_TO DO_
In the records below, repeat word for word only the lines starting at the one that contains "YSTYLE Velvet 1" and ending at the one that contains "Port & Company", pictures excluded.

_INPUT MATERIAL_
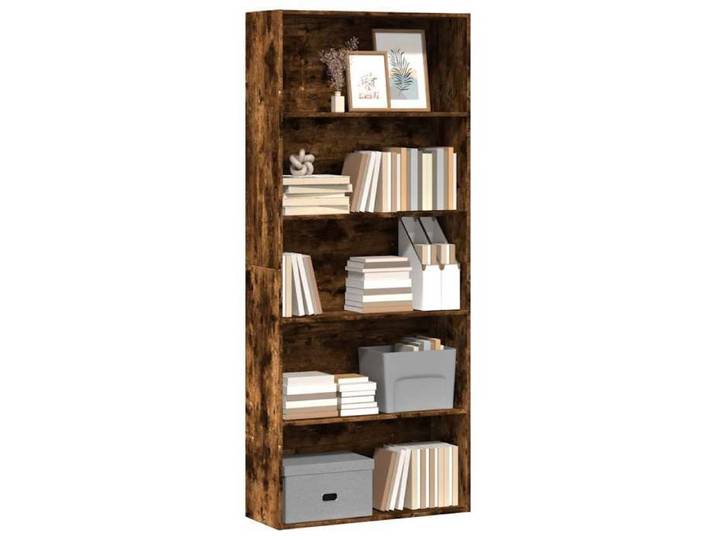 (SOLDES DEC)Bibliothèque - - Meuble Étagère - support livres - chêne fumé 80x30x189 cm bois d'ingénierie 01_4806764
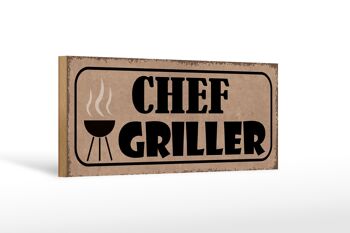 Panneau en bois indiquant 27x10cm Grill Chef Griller 1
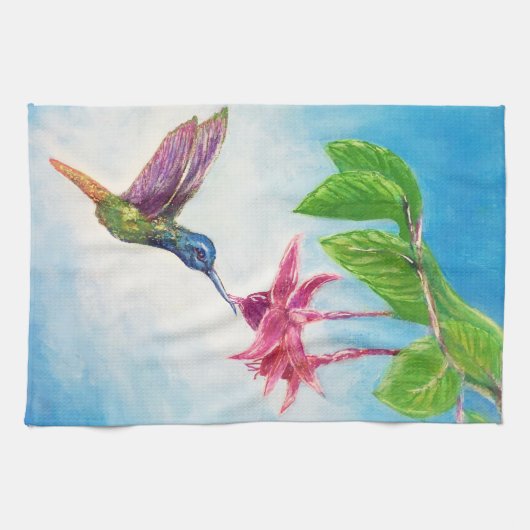Hummingbird, Fuschia, Blume, Geschirrtuch (Horizontal)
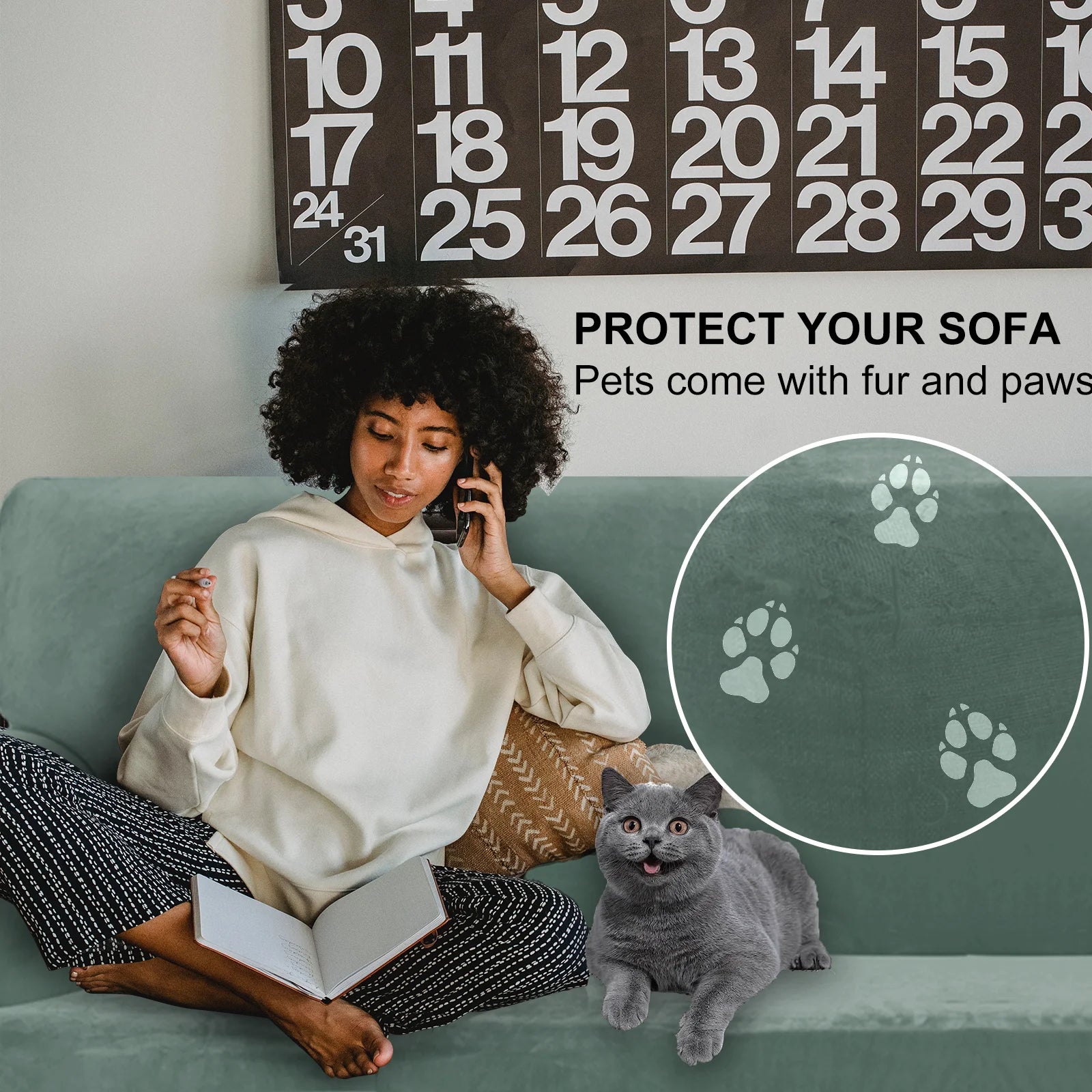 YSTYLE Velvet 1 Seater Sofa Cover with Armrests Stretch Anti Slip-YSTYLE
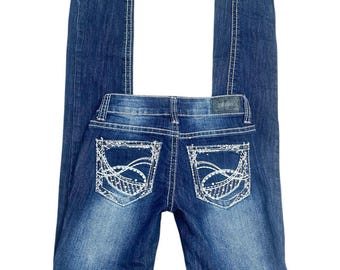 00s 2010s Contrast Stitch Bling ZCO Lowrise Skinny Jeans Sz XS
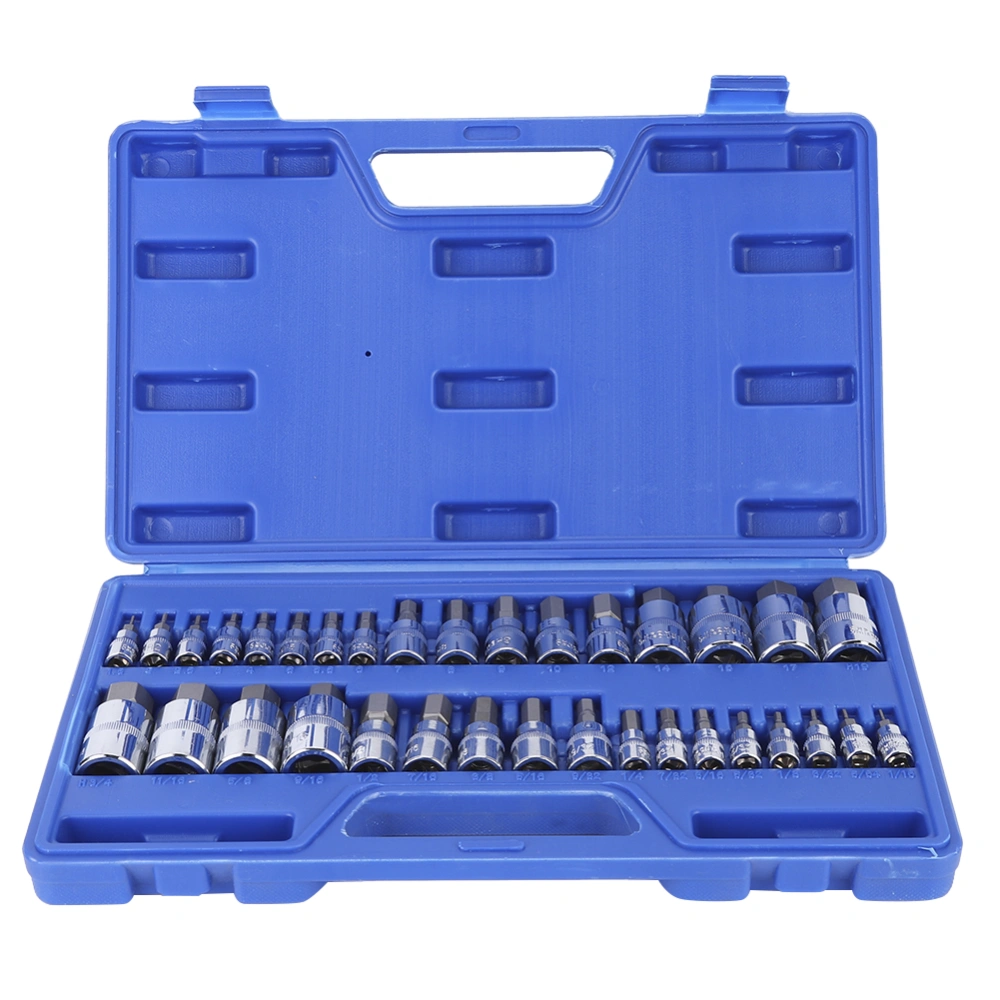 34pcs Impact Inner Hex Bit Socket Set 1/2in 1/4in 3/8in Nut Wrench Driver Adapter Power Tools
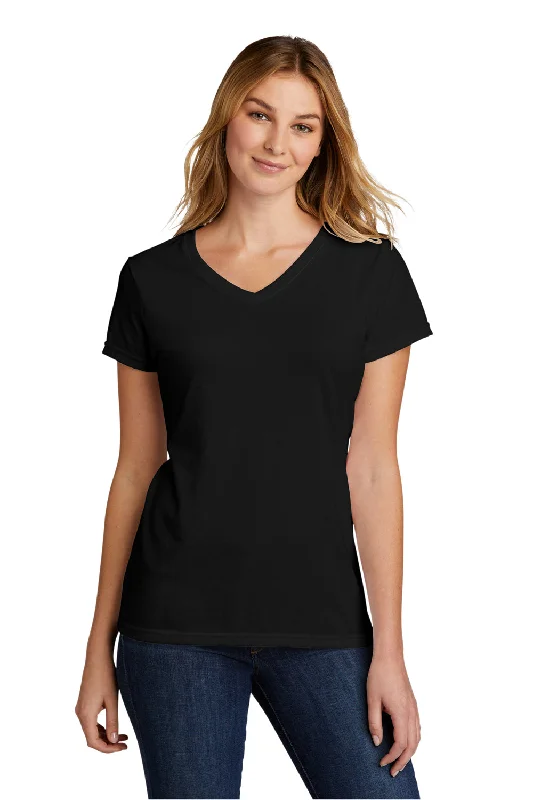 Port & Company Womens Short Sleeve V-Neck T-Shirt - Black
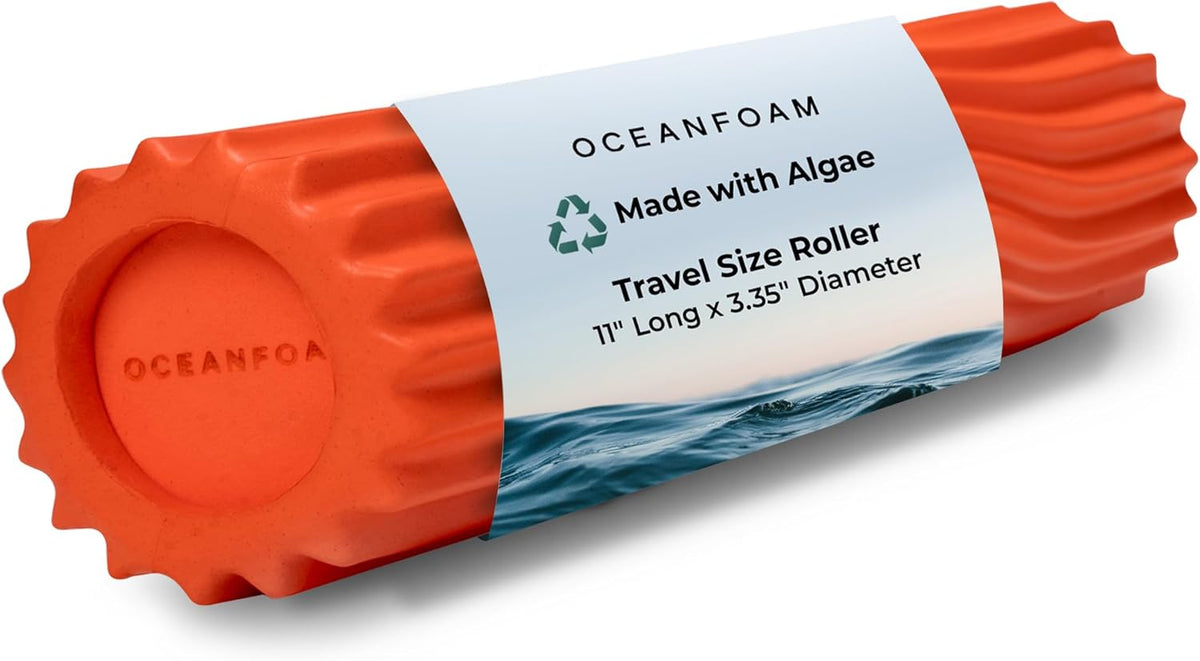Oceanfoam Ripple Travel Foam Roller (11" x 3.35") Firm Mini Foam Roller for Physical Therapy, Deep Tissue Massage, Back Pain - High Density, Ergonomic Wave Textured - Yoga, Pilates, Exercise (Orange)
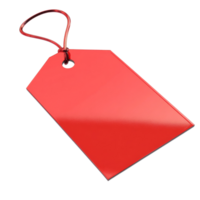 A Red Blank Price Tag With String. isolated png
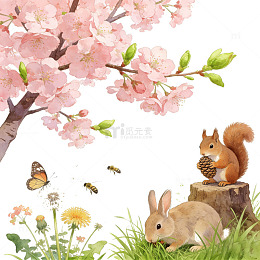 春日樱花松鼠兔兔插画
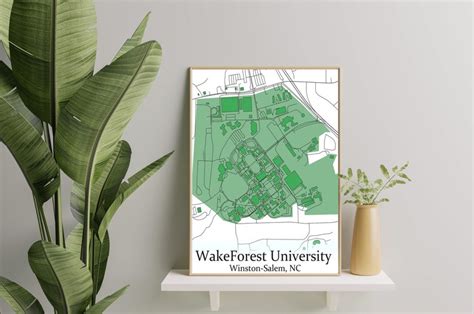 Colored Campus Map Of Wake Forest University And All Its Roads Etsy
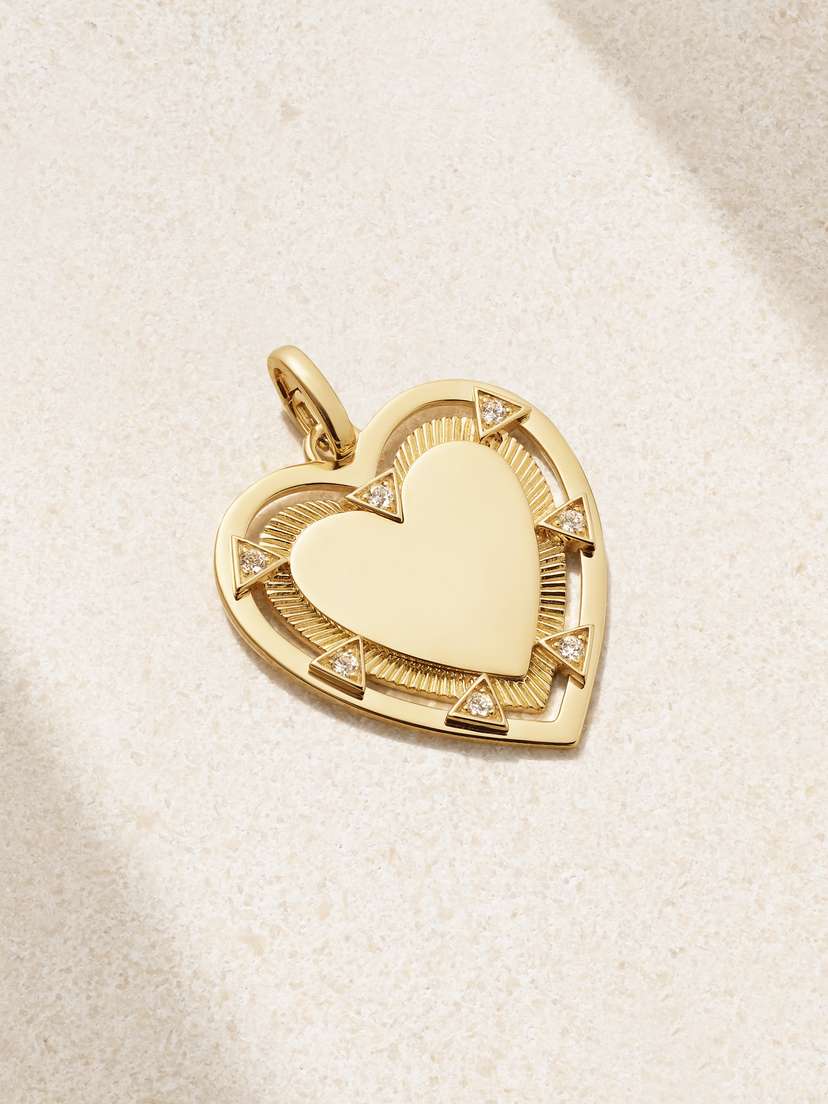 Foundrae True Love Oval Push Gate 18-karat Gold Diamond Pendant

_ANSWER SECTION_
 YSTYLE Velvet 1 Seater Sofa Cover with Armrests Stretch Anti Slip-YSTYLE
 00s 2010s Contrast Stitch Bling ZCO Lowrise Skinny Jeans Sz XS
 34pcs Impact Inner Hex Bit Socket Set 1/2in 1/4in 3/8in Nut Wrench Driver Adapter Power Tools
 Port & Company Womens Short Sleeve V-Neck T-Shirt - Black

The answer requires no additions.